[SOURCE MATERIAL — start]

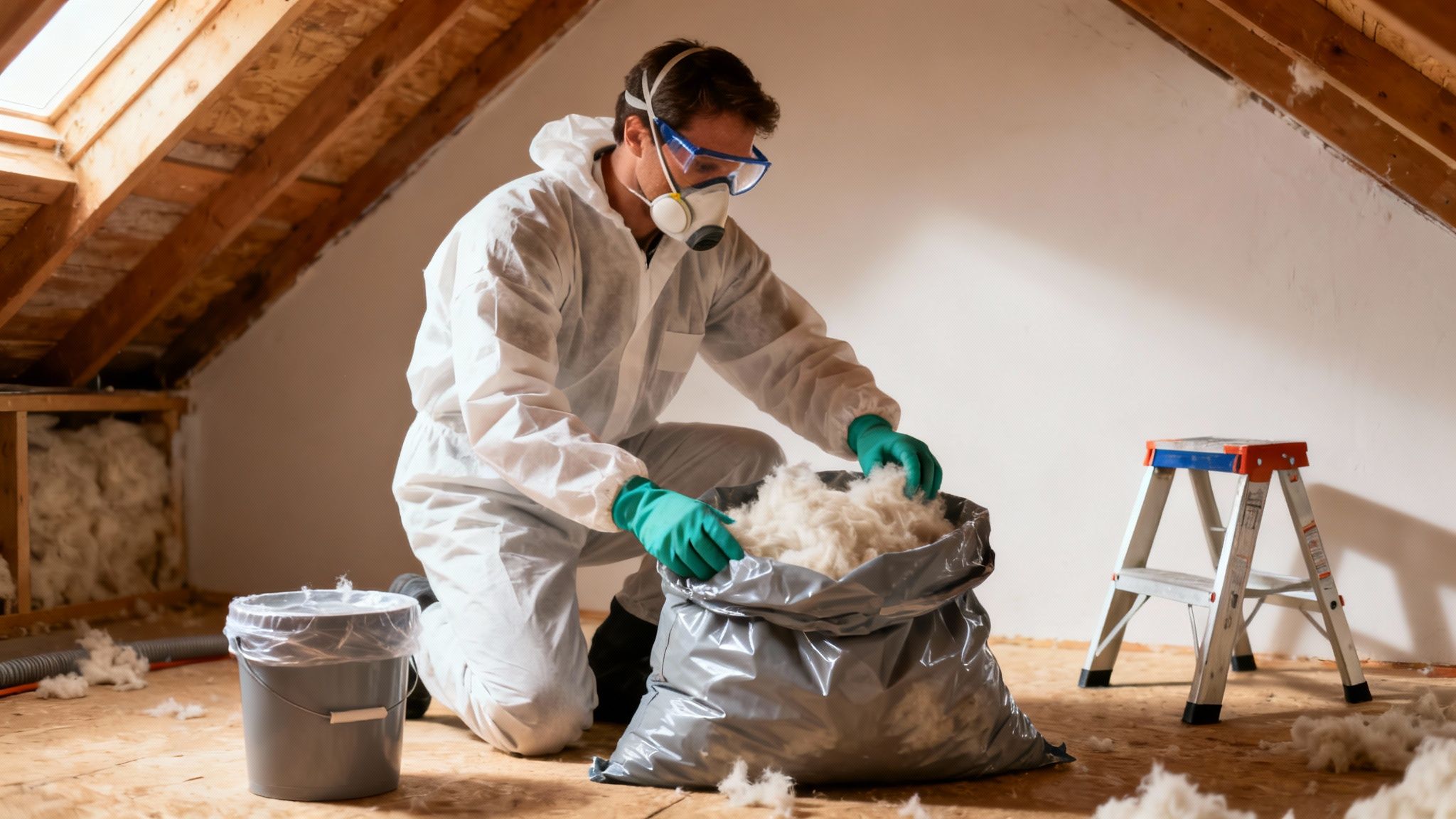 Worker in protective suit, goggles, and mask carefully bagging insulation in an attic.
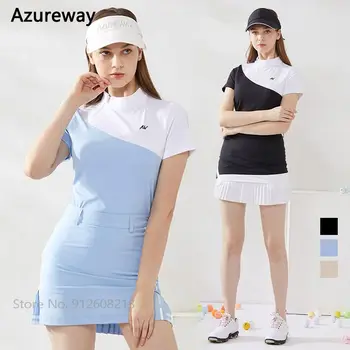 Azureway Feminina Manga Curta Golf T-shirt Senhora de Retalhos Casual Tops Mulheres Desporto Plissado Saia de Uma linha de Tank Ternos de Vestuário de Golfe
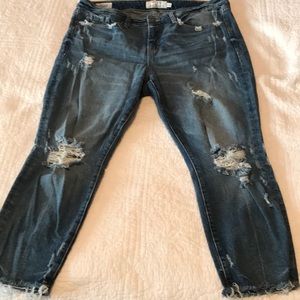 Torrid Size 16 Distressed High Rise Straight Crop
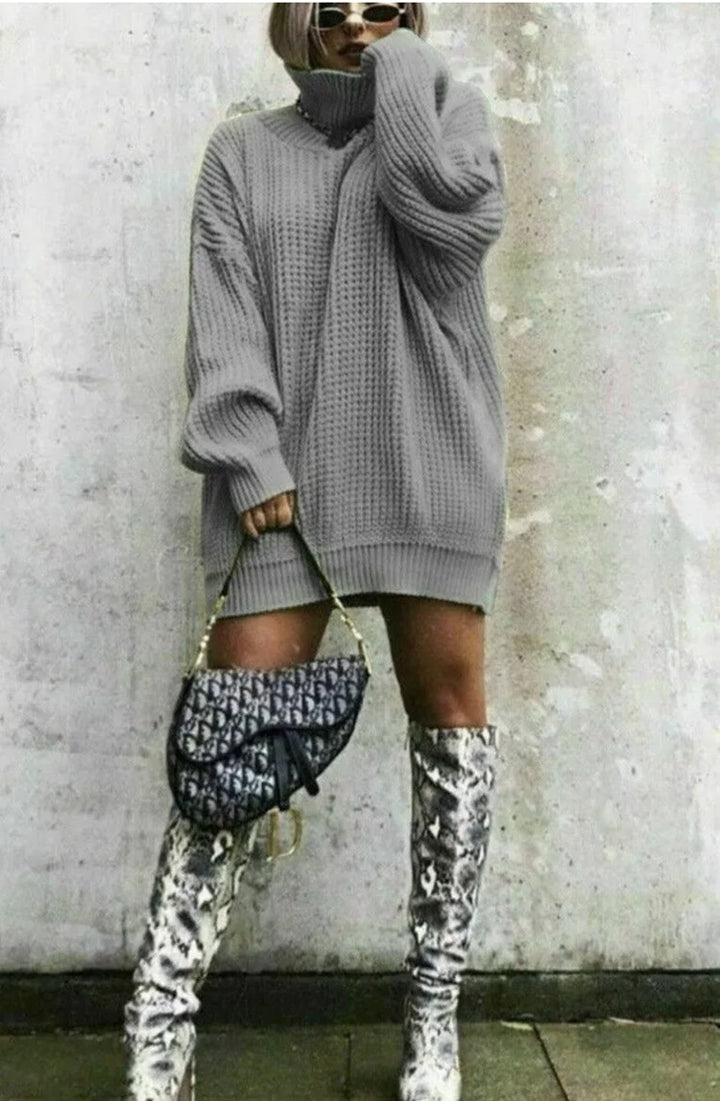 Ladies large knitted sweater with high neck and relaxed silhouette Lune London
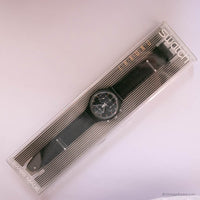 1991 Swatch ساعة وول ستريت SCB106 | أسود Swatch Chrono مع مربع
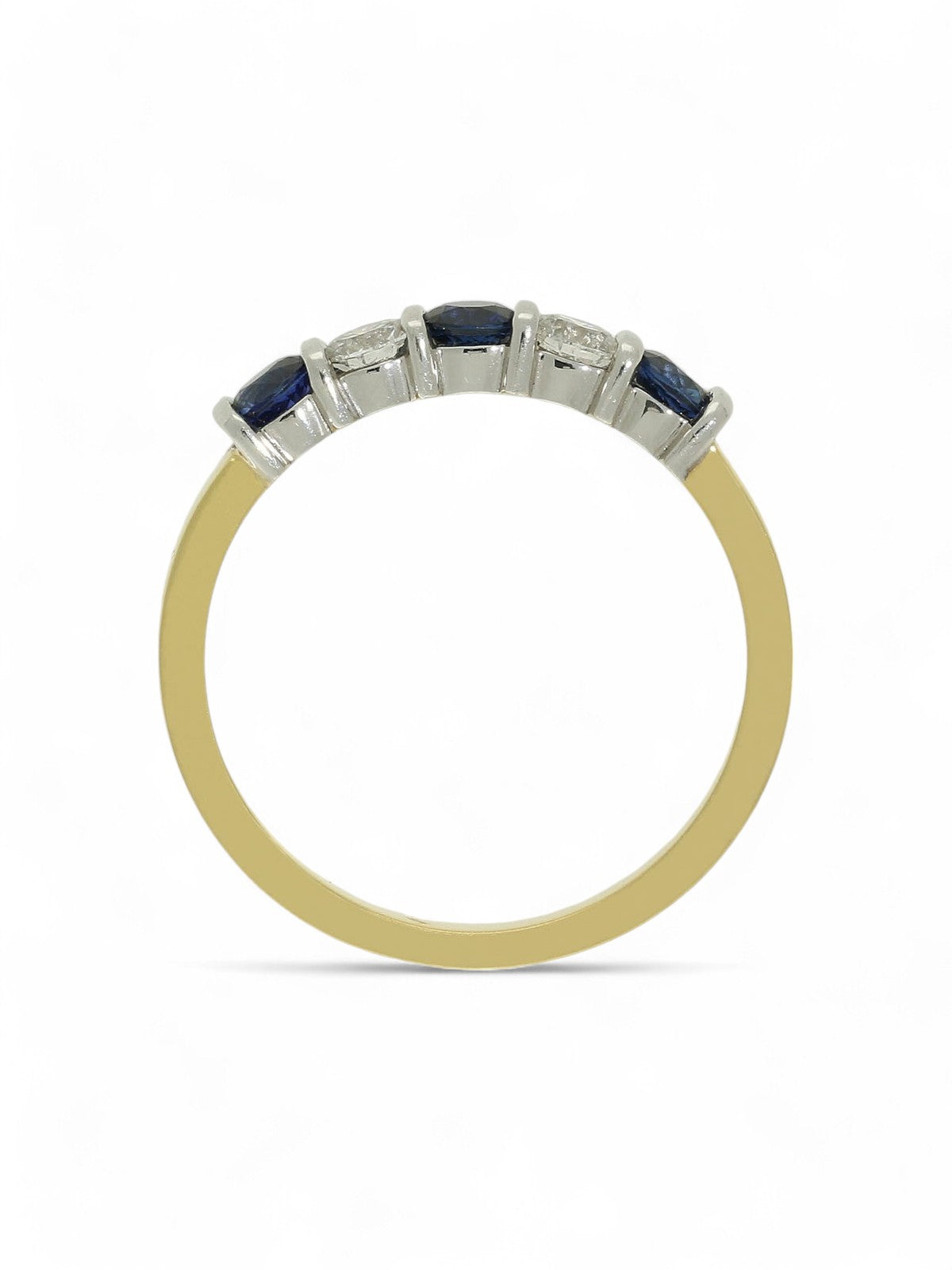 Sapphire & Diamond Half Eternity Ring in 18ct Yellow & White Gold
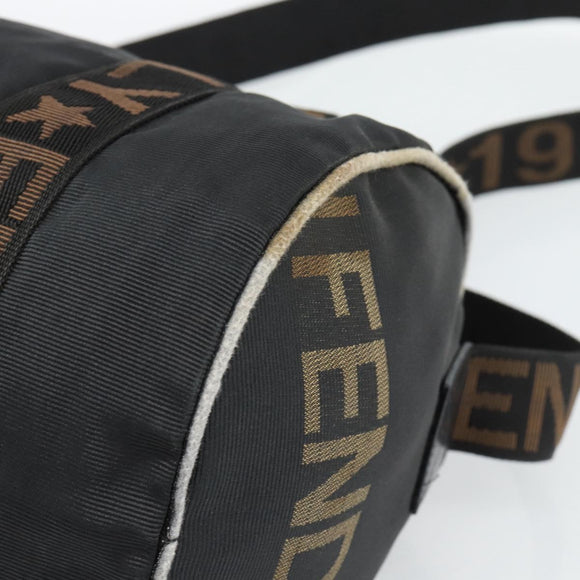 FENDI Hand Bag Canvas 2way Black Gold Auth 186293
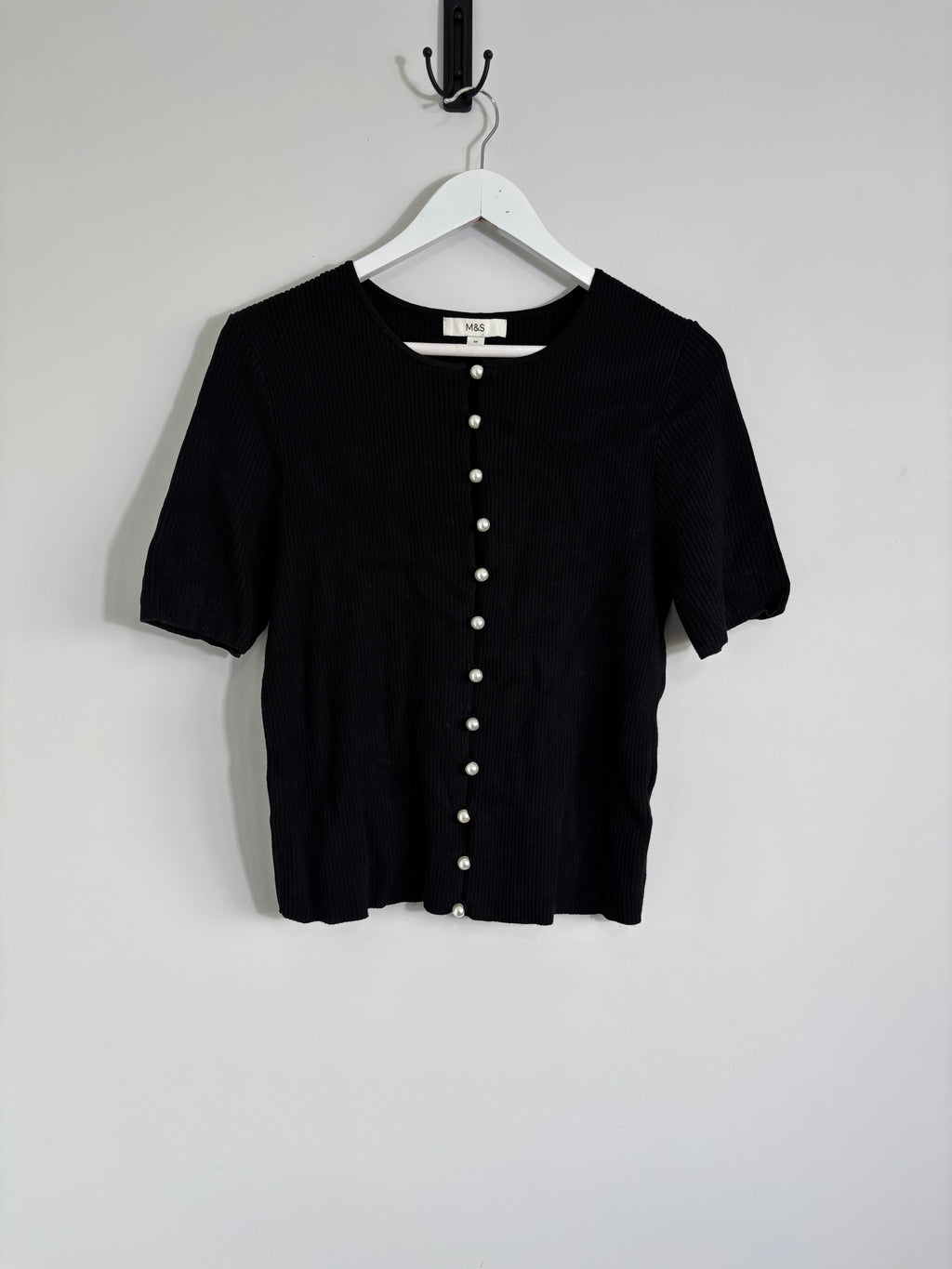 M&S Black Ribbed Knit Short Sleeve Cardigan Pearl Button Size Medium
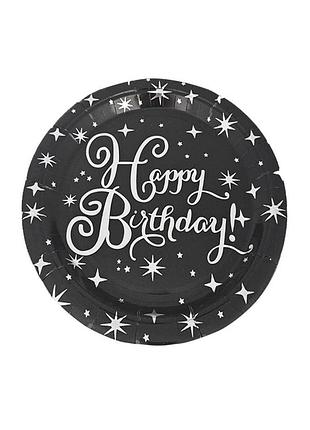 Тарелки бумажные "happy birthday черные с серебром" 10шт tm pelican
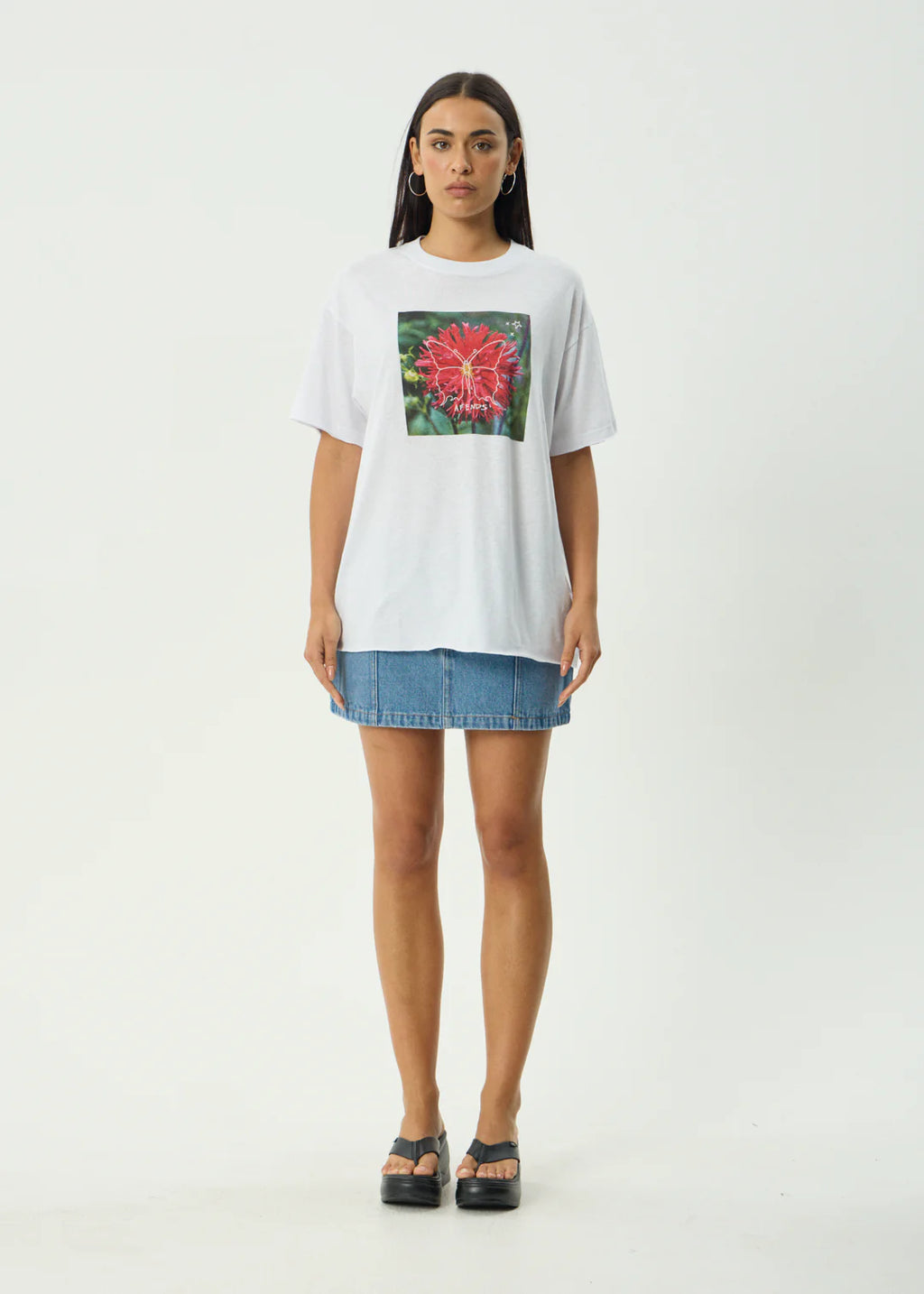 Afends Open Up Recycled Oversized Tee White / Black
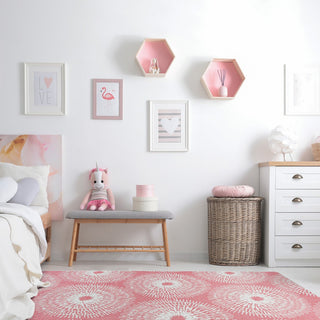 Make A Wish 3'10" x 5'4" area rug in color Blush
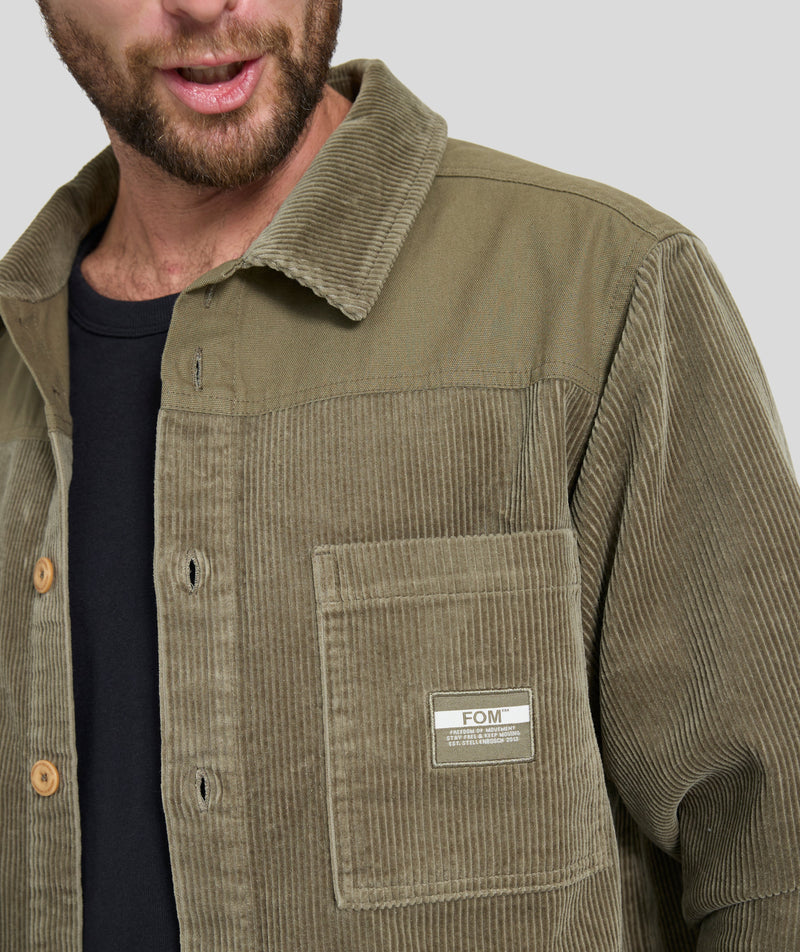 Mens Corduroy Overshirt - Olive Green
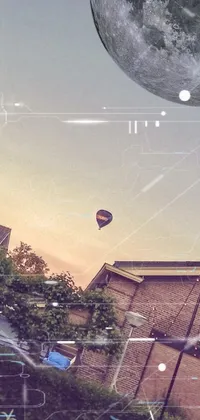 This live wallpaper showcases a hot air balloon flying over a building in a stunning sun-faded image capturing the essence of a summer evening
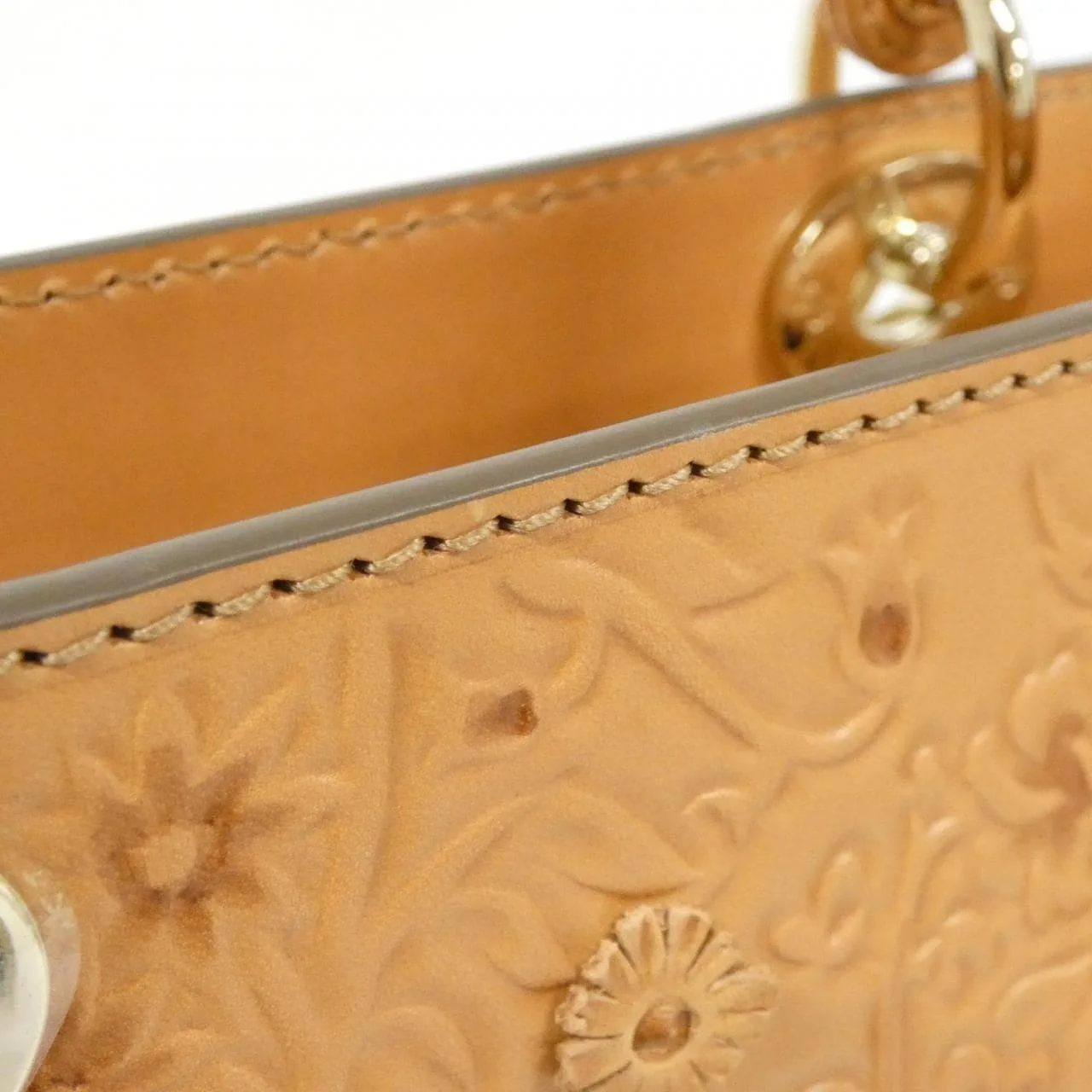 DIOR Lady Dior Handbag Leather 棕色 皮革 中古品A - 縮圖 6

[SOURCE MATERIAL — finish]

[TASK PROMPT]
Skip the pictures and print exactly the lines from the one containing "Make A Wish" through the end of the records above.

[SOLUTION TO THE PROBLEM]
 Make A Wish 3'10" x 5'4" area rug in color Blush
 Mens Corduroy Overshirt - Olive Green
 This live wallpaper showcases a hot air balloon flying over a building in a stunning sun-faded image capturing the essence of a summer evening
 DIOR Lady Dior Handbag Leather 棕色 皮革 中古品A - 縮圖 6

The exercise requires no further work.